On Dating
Posted by Jess on February 24th, 2010 filed in UncategorizedI’ve been dating since the BF and I broke up. Really, this is the first time I’ve ever “dated” per sey, since nearly all my other dates ended with “boyfriend” becoming appended to the guy’s name. So this is new, and there’s an etiquette that I’m not quite abreast of. For instance: when one of the guys you’re dating wants to date you exclusively, don’t tell him about the awesome date you went on the night before with another guy.
Yes, you’d think this would be common sense, but, due to my limited dating history, I’m used to simultaneously dating and being friends with guys. Part of my friendship includes the lifetime membership to the too much information club, and all the details of my life that entails.
I’ve also learned that when a guy says he’s ok with you not wanting to date exclusively, but then says, “I’ll wait until you’re ready,” that means he’s not really ok with my not wanting to date him exclusively. This realization culminated in an exquisitely awkward conversation, during which you say, “It’s not you, it’s me” completely non-ironically and sincerely for possibly the first time ever.
After dating the BF for so long, I’ve become excellent at platonically friending guys, but my ability to tell if they like me or are interested in dating me has completely withered away. Well, I say that as if that was something at which I ever excelled, but it’s practically deteriorated away by now. So far all the dates I’ve been on have been arranged through dating websites. I have to admit that online dating has broadened by social circle with guys I would probably never have met otherwise, but flirting over broadband is never as satisfying as seeing in-person reactions to the way you move, or what you say. Online dating encompasses a certain progression; by the time you get to meeting in person you’ve generally already reached a tentative level of interest and certainty in compatibility. Not that that’s always true; I went on a date last week with a guy who was a blast to chat with. Just the right level of flirty innuendo and genuine interest, plus his picture was super cute. Unfortunately none of the pixilated attraction translated to the actual dinner table, and half an hour later I was on my own again, walking home in the drifts of dirty leftover snow and wondering which message got so dreadfully garbled in the transition.

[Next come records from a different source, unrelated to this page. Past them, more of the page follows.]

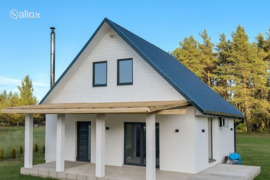 Švenčionių r. sav., Pušalota, Vieversių g.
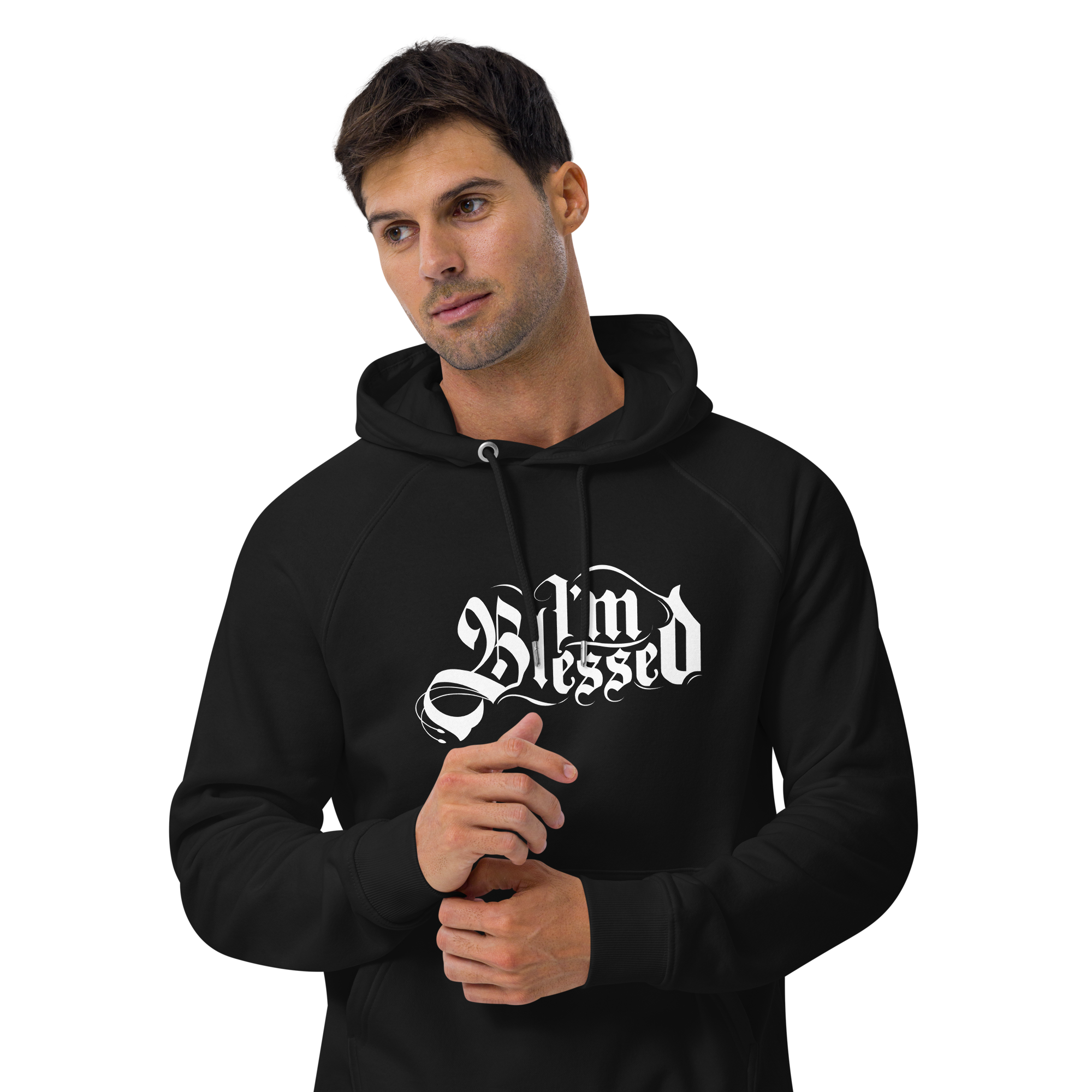 I'm Blessed Hoodie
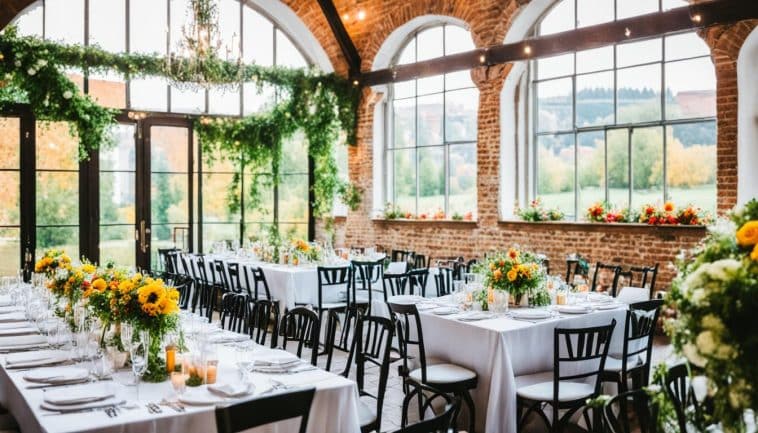 Günstige Hochzeitslocations in Wien finden - Österreich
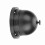 Automatic Dice Cup with Transparent Cover – Black, 14.2x11.7cm 15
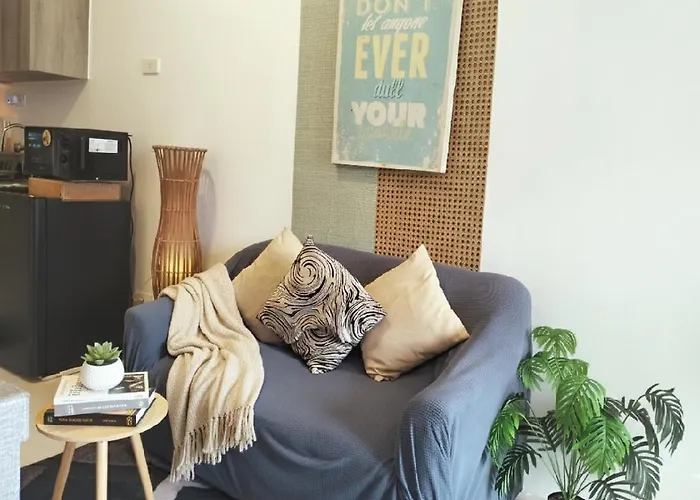 Heart Of Ortigas Apartment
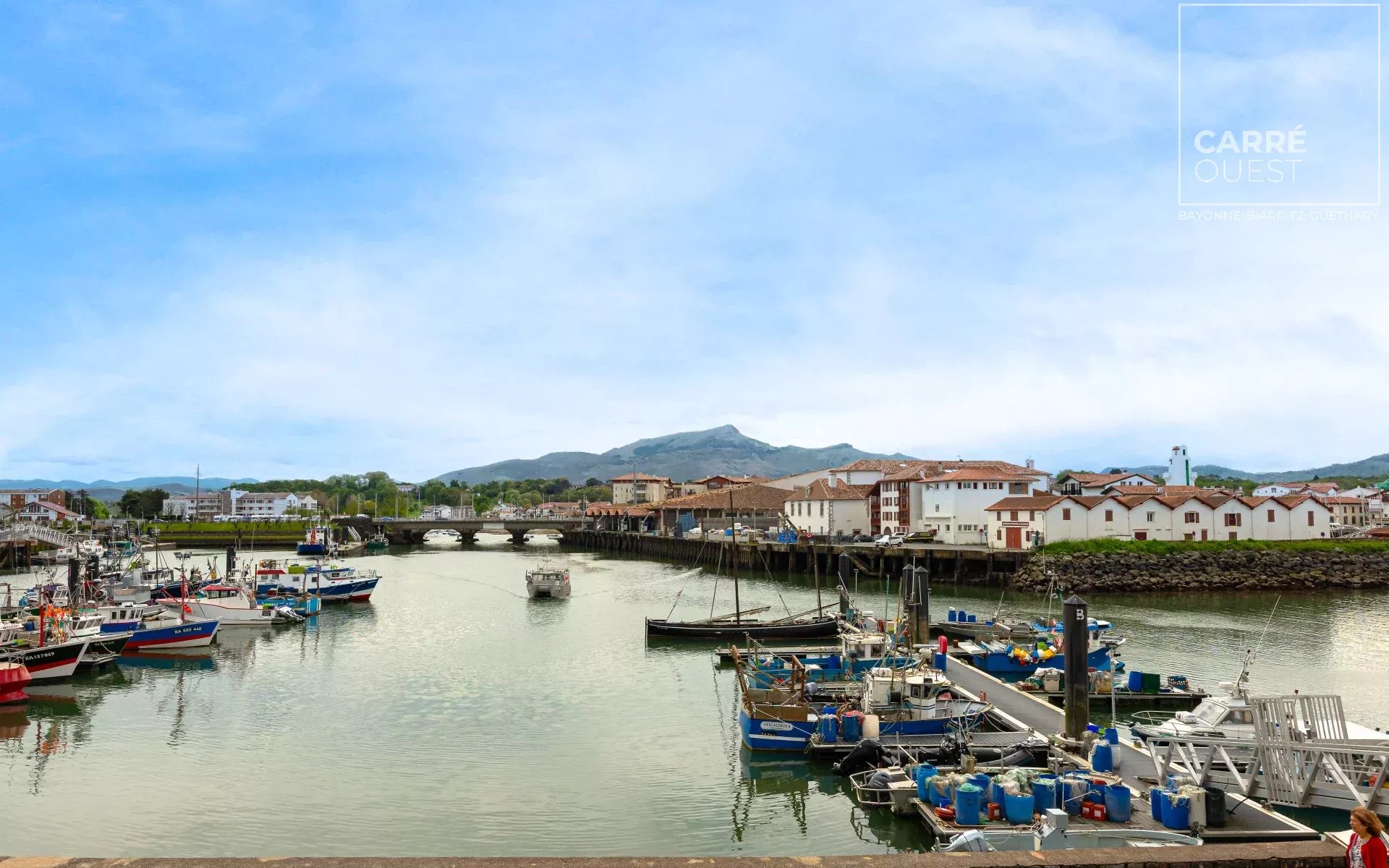 APPARTEMENT VENTE SAINT-JEAN-DE-LUZ 64500 - SURFACE 103.06M2 - REF 3627 Photo 3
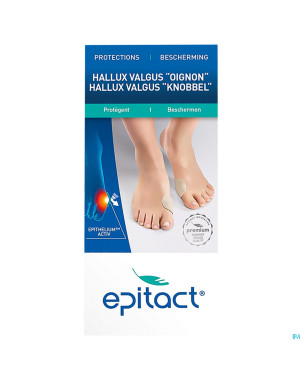 Epitact protections hallux valgus    2 0753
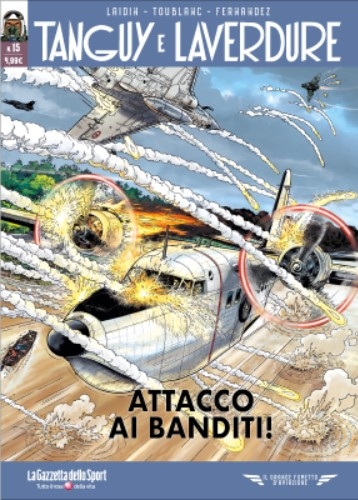 Il grande fumetto d'aviazione # 45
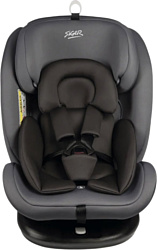 Автокресло Siger Престиж (маренго)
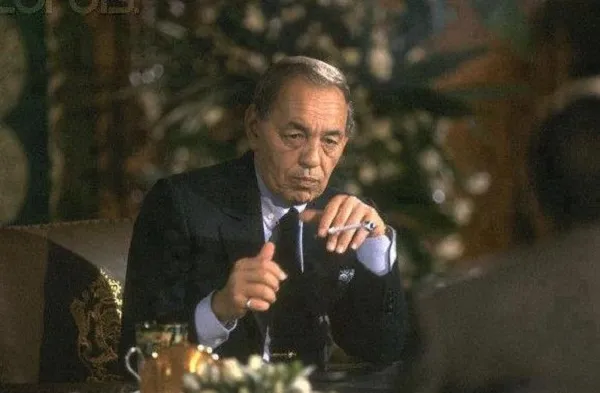 King Hassan II of Morocco dies
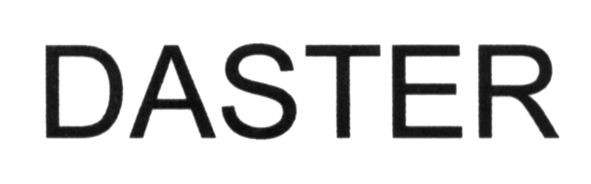 daster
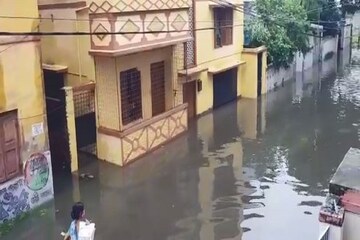 Kolkata Weather Alert: আগামিকাল আরও বাড়বে বৃষ্টি, হলুদ সর্তকতা কলকাতায়!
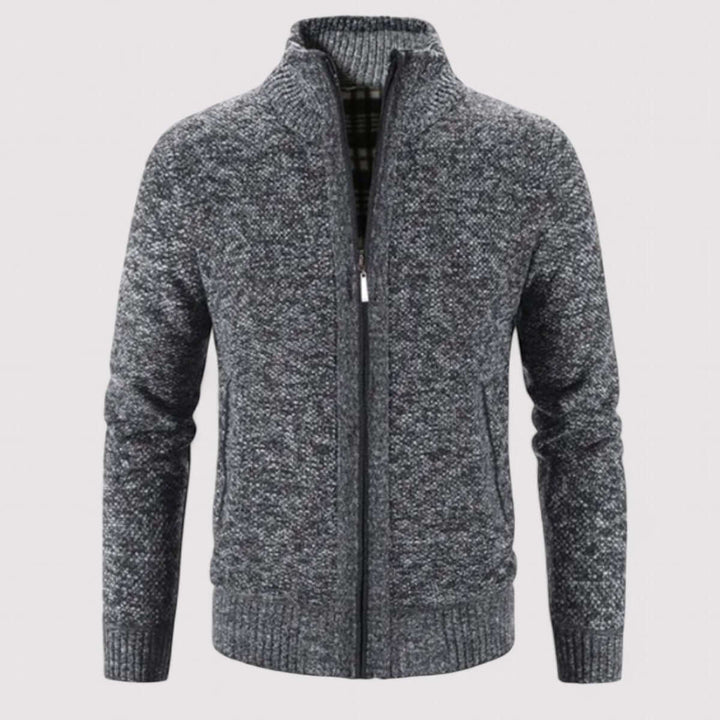 Echoarchiv | Herren Ganzjahres-Cardigan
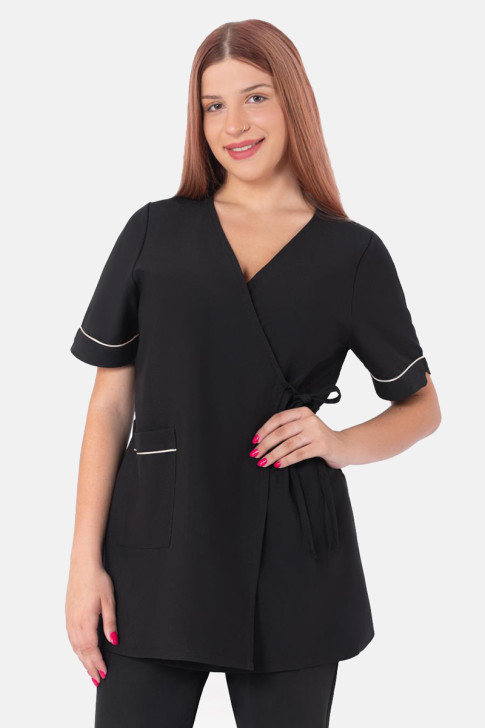 AXON MERCURY 54-391-1 Women's Crossbody Robe AXON MERCURY 54-391-1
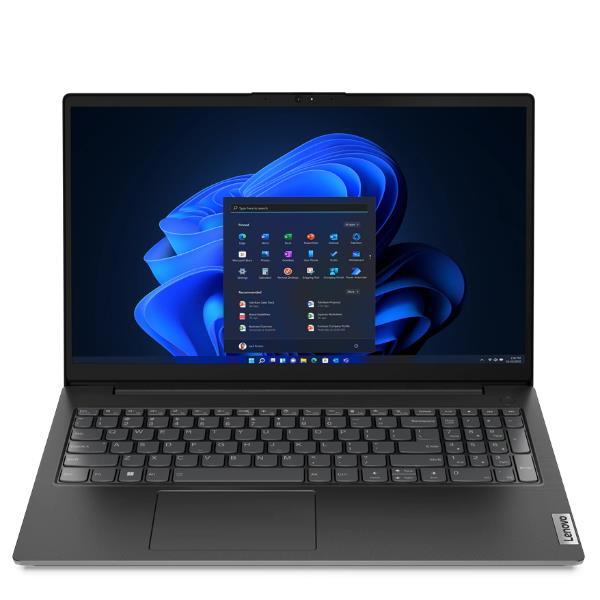LENOVO V15 G3 15.6" i3-1215U 1.2GHz RAM 8GB-SSD 256GB M.2 NVMe-WIN 11 PROF BLACK (82TT00G5IX)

My lack of real-world exploratory flirting is my own fault, though, since I’ve been so busy dating two guys that I’ve practically abandoned my friends and the bar games that sustained me until I reached the relatively normal level where I am now. Even though it’s only February and snow is forecast for Thursday, I can almost smell spring in the air, accompanied by the usual feelings of wanderlust and anticipation. This year I’m single for the first time in nearly six years, I wonder what will happen?